En Colombie, nous assistons quotidiennement à ce type de pratiques. Avec le même manichéisme qui a caractérisé traditionnellement la mentalité du sectarisme politique de toute nature, les victimes sont classifiées en des ‘’ plus coupables que d’autres ‘’. De cette manière les médias de communication sont ouverts pour que Carlos Castano réalise des efforts réitérés afin d’expliquer les obscurs mobiles qui ont inspiré ses actions abominables, sans que cela suscite une expression de frayeur et d’indignation de la société. Dans ses déclarations, le chef des ‘’ paramilitaires ‘’ soutient, par exemple, qu’assassiner Manuel Cepeda et Carlos Pizarro fut une « représailles », tandis que l’assassinat de Jaime Garzon fut une « erreur » puisqu’il était de la ‘’ troupe ‘’.

Non obstant, le caractère monstrueux des crimes de lèse humanité et des crimes de guerre fait que les efforts d’explication des motifs de leur perpétration sont, non seulement superflus mais constitutifs en eux-mêmes de l’ensemble des pratiques qui les facilitent et qui, pour autant, les justifient ou incitent publiquement à la violation radicale des droits fondamentaux de la personne, et peuvent être ainsi l’objet de la justice pénale.
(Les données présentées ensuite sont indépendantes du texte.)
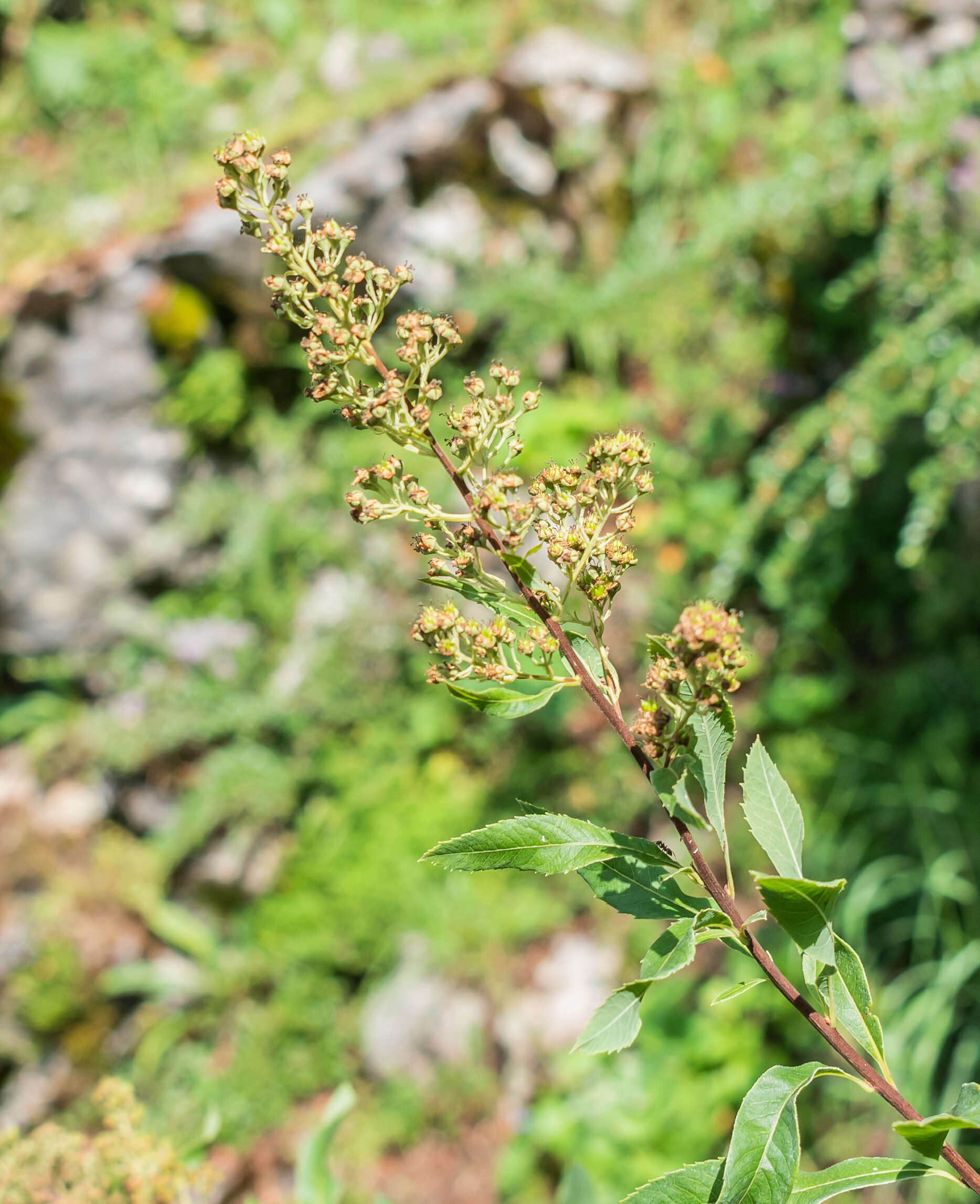 Image of white meadowsweet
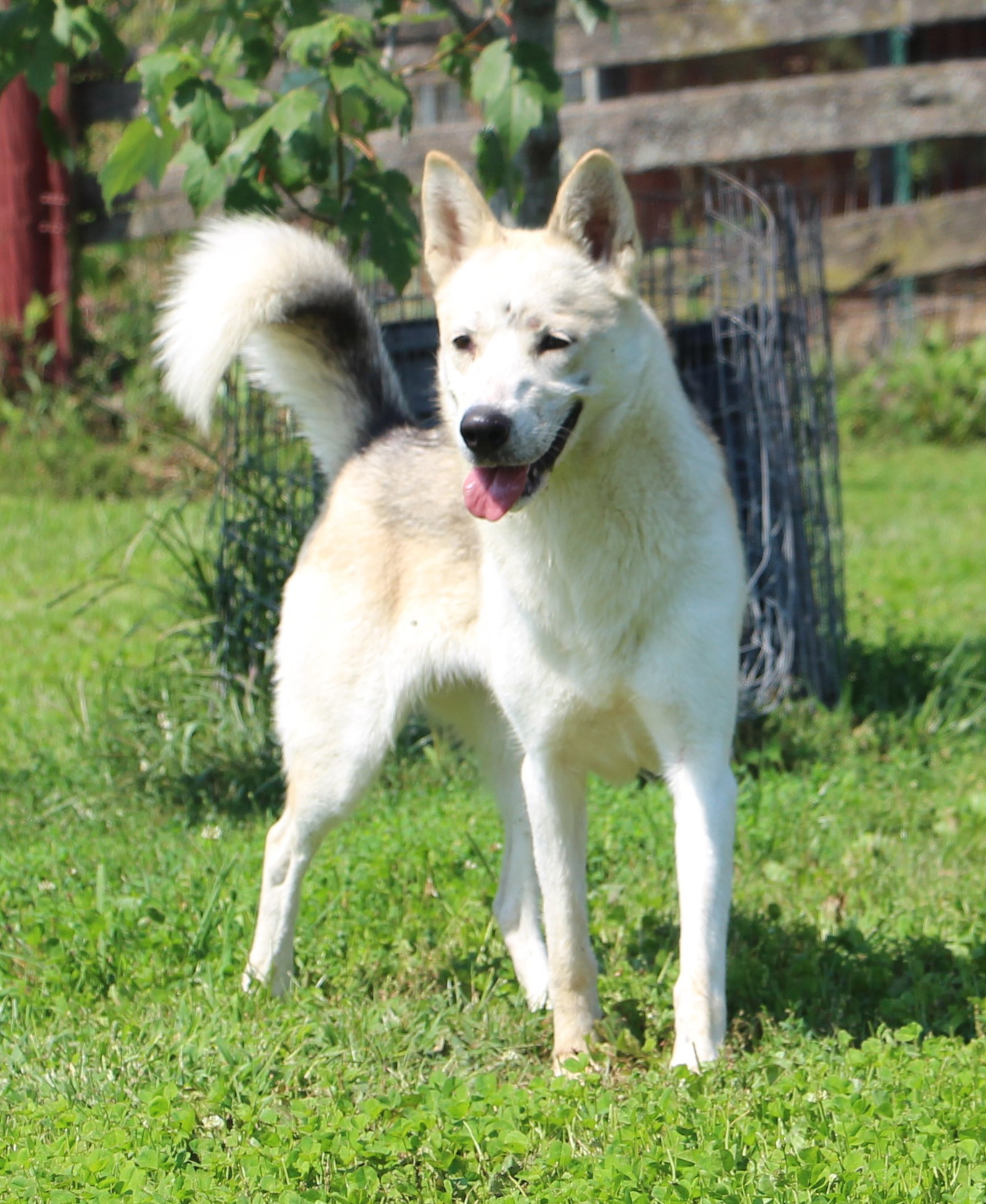 Mona, Husky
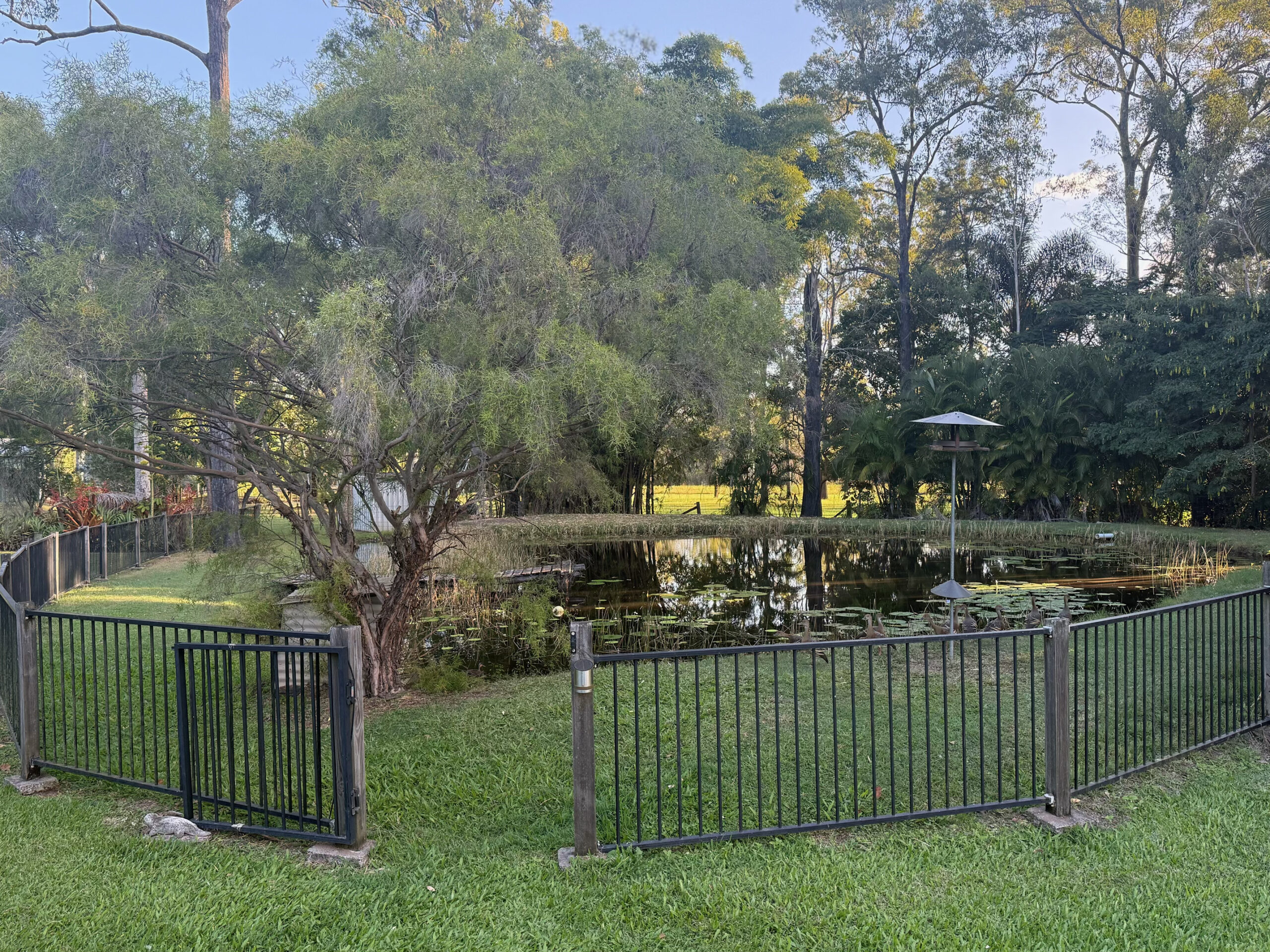200 Parke Avenue, SUNSHINE ACRES, QLD 4655 AUS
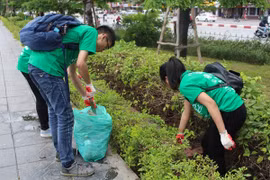 参加环境美化净化活动 提高对环保的意思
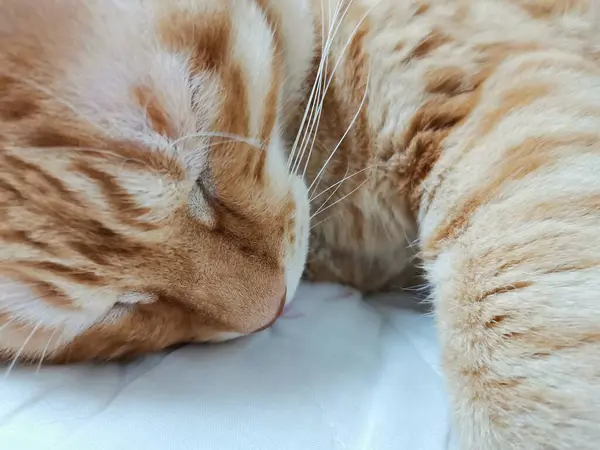 stock image cute cat lying on the floor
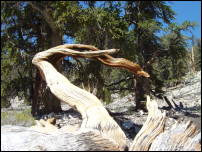 bristlecone 1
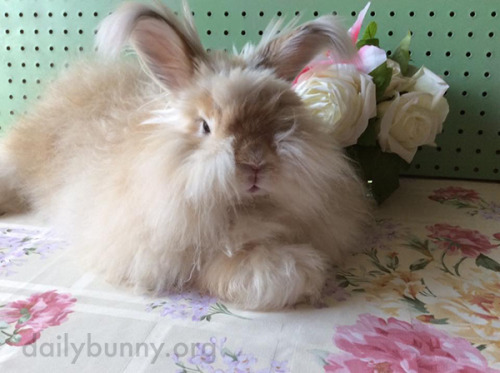 dailybunny:  Bunny Is in the Spring Spirit Thanks, Katherine and bunny Basil! Katherine writes that 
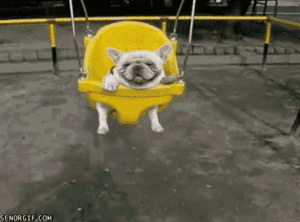Dog swing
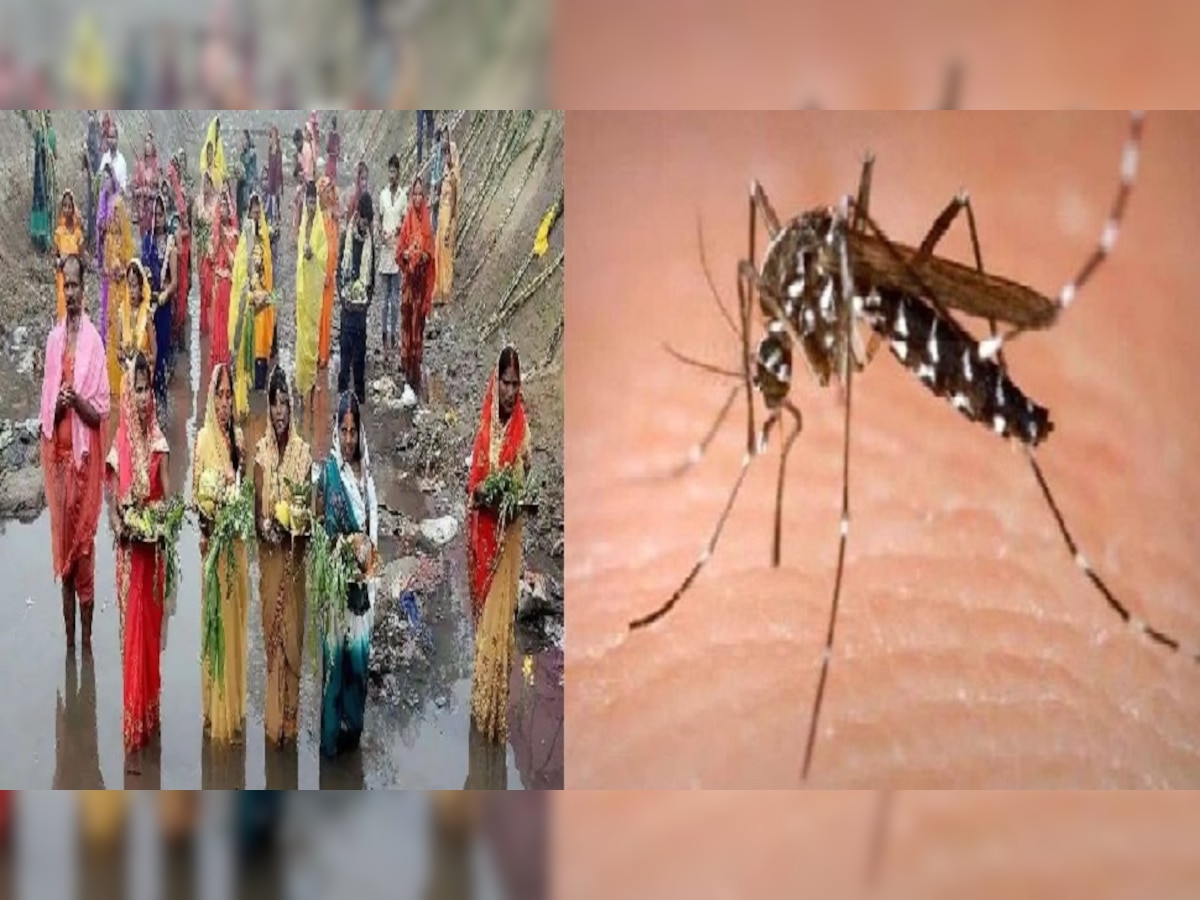 Dengue in Patna : घाटों पर छठव्रतियों को डेंगू का सता रहा डर, पटना में आंकड़ा पहुंचा 53 सौ पार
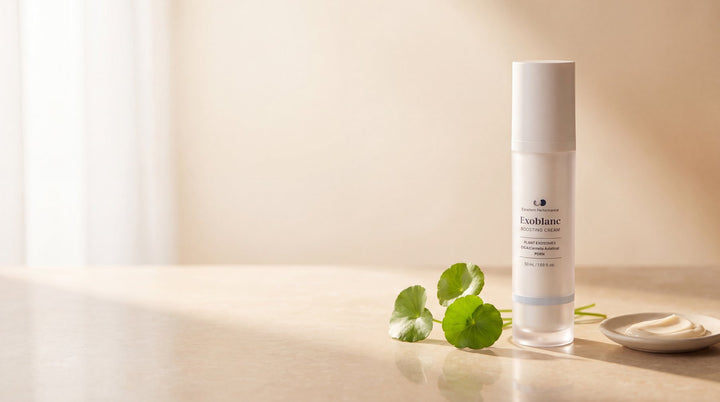 Crème coréenne hydratante ExoBlanc, meilleure crème coréenne 2026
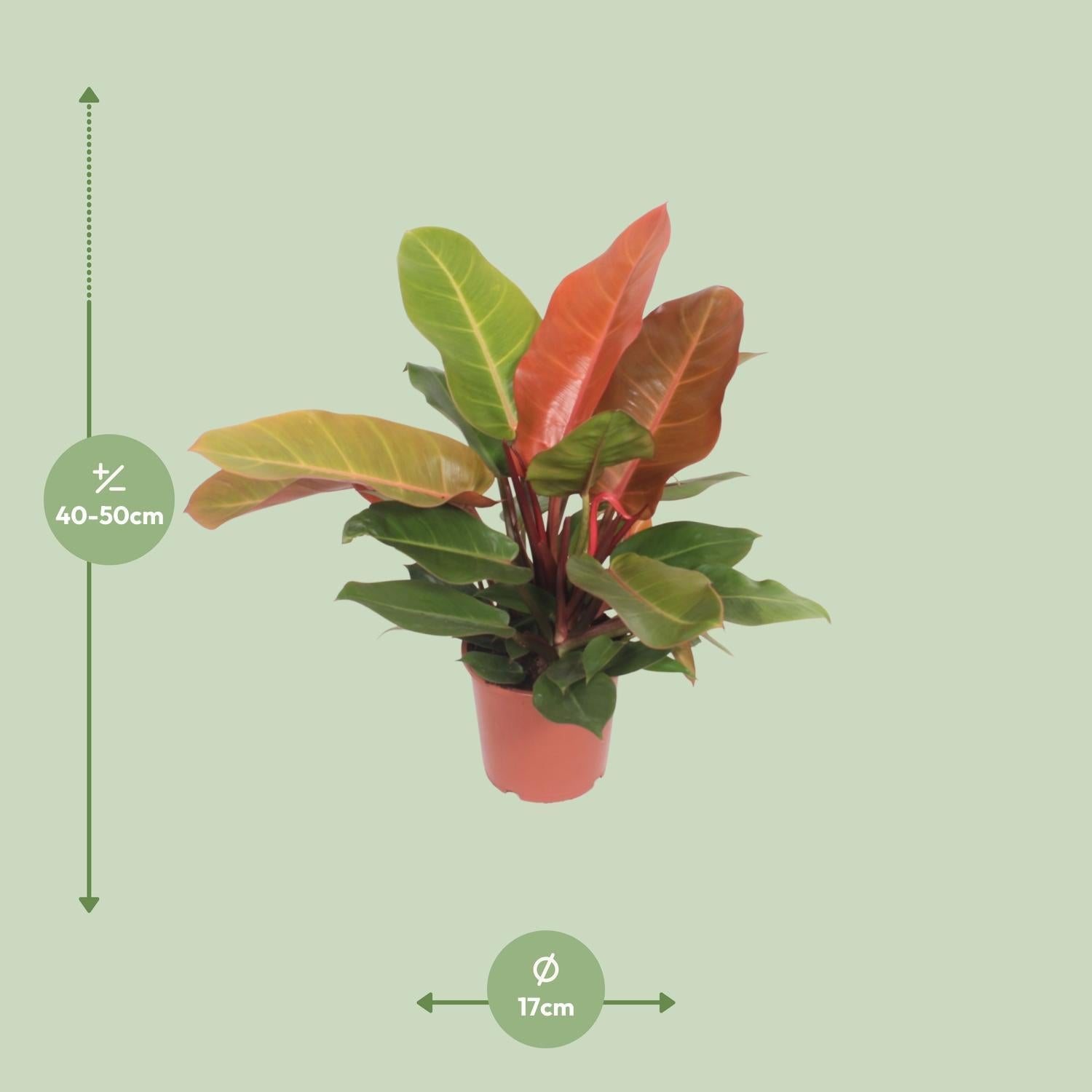 Philodendron Prinz von Orange - Ø17cm - ↕45cm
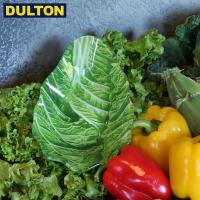 DULTON GLASS FARMER PLATE CABBAGE (品番：G815-973CB) ダルトン インダストリアル アメリカン ヴィンテージ 男前 ガラス ファーマー プレート キャベツ)) | neut kitchen(ニュートキッチン)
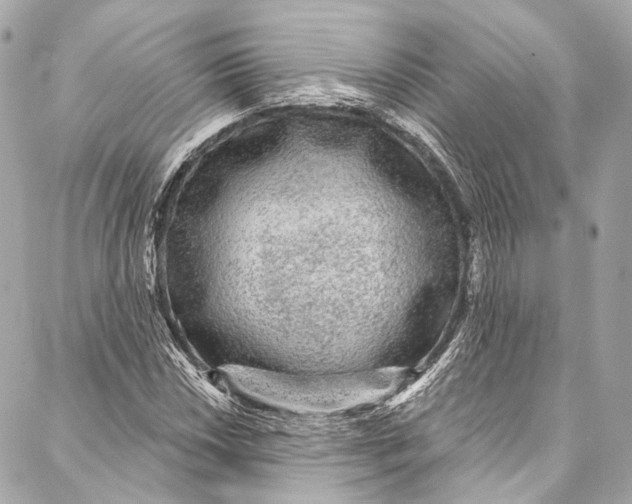 X0000086951018200705071438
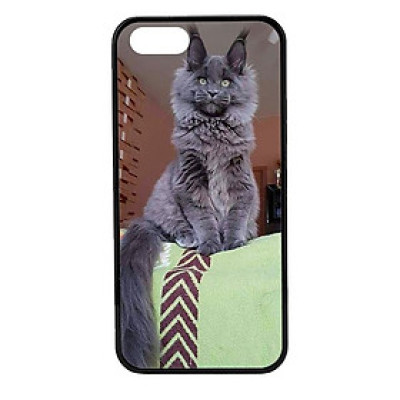 Ốp lưng cho điện thoại Iphone 5 CB 24 - Hàng chính hãng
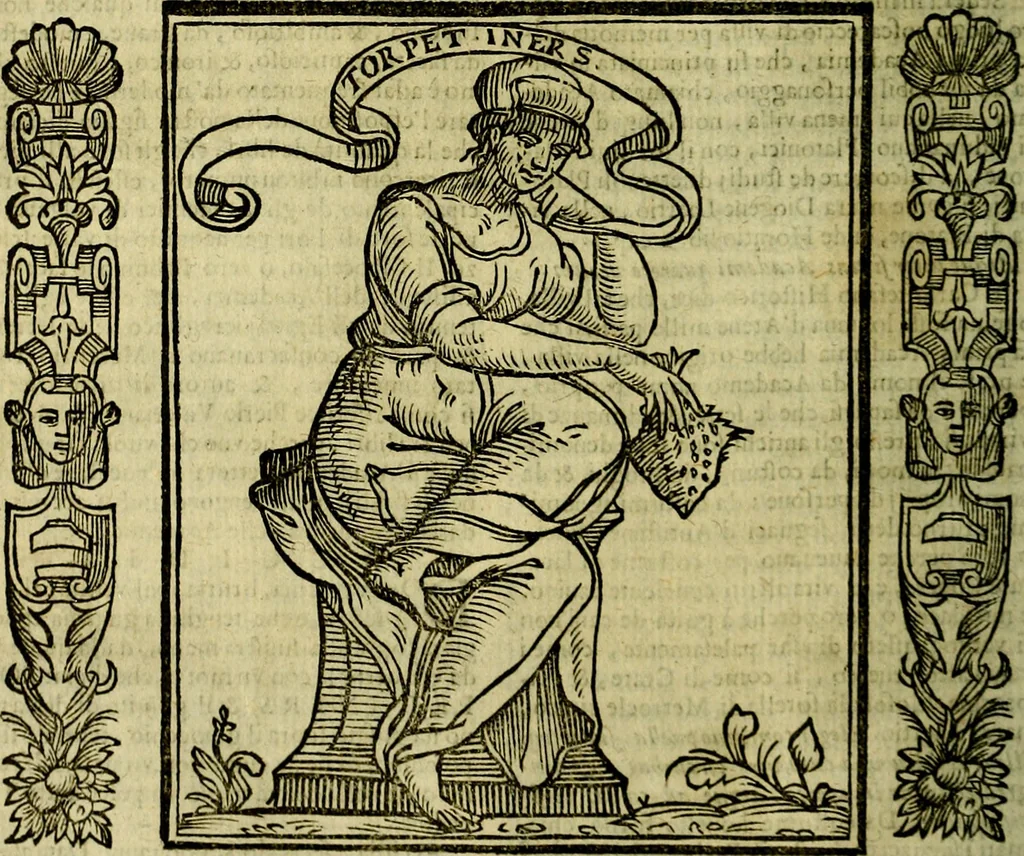 An illustration from Nova iconologia, 1618, leaf 59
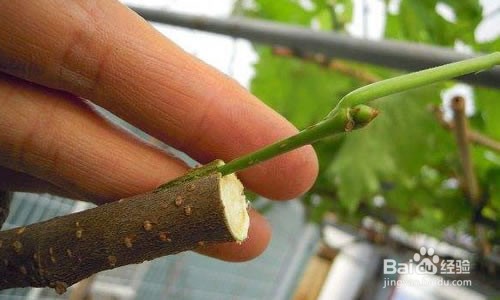 桑树什么时间嫁接？桑树嫁接方法有哪些？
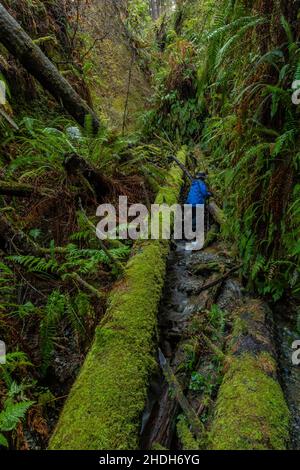 Karen Rentz climbing through steep canyon adjacent to Fern Canyon in Prairie Creek Redwoods State Park, part of Redwood National and State Parks, Cali Stock Photo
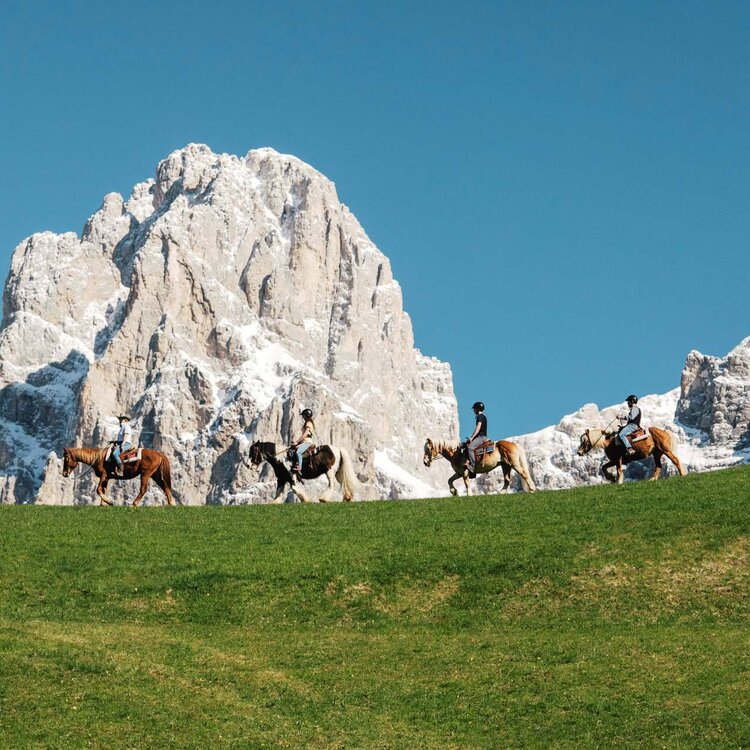 Una fila di cavalli si avvicina alle Pale di San Martino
La société peut parler de réconciliation seulement lorsque existe la reconnaissance collective de ceux qui sont les victimes et de ceux qui sont les victimaires, de ce qui est juste et de ce qui est injuste.

Les victimes ne sont pas les coupables. Indépendamment de leurs convictions ou position sociale, les civils en total manque de défense, attaqués par ceux qui disposent des moyens pour exercer la brutalité et les sévices, ne sont pas responsables du préjudice qui leur a été infligé. Les coupables sont les criminels et c’est eux que doivent juger les tribunaux judiciaires et, en dernière instance, le tribunal de l’Histoire.

(*) Chercheur et défenseur des droits humains.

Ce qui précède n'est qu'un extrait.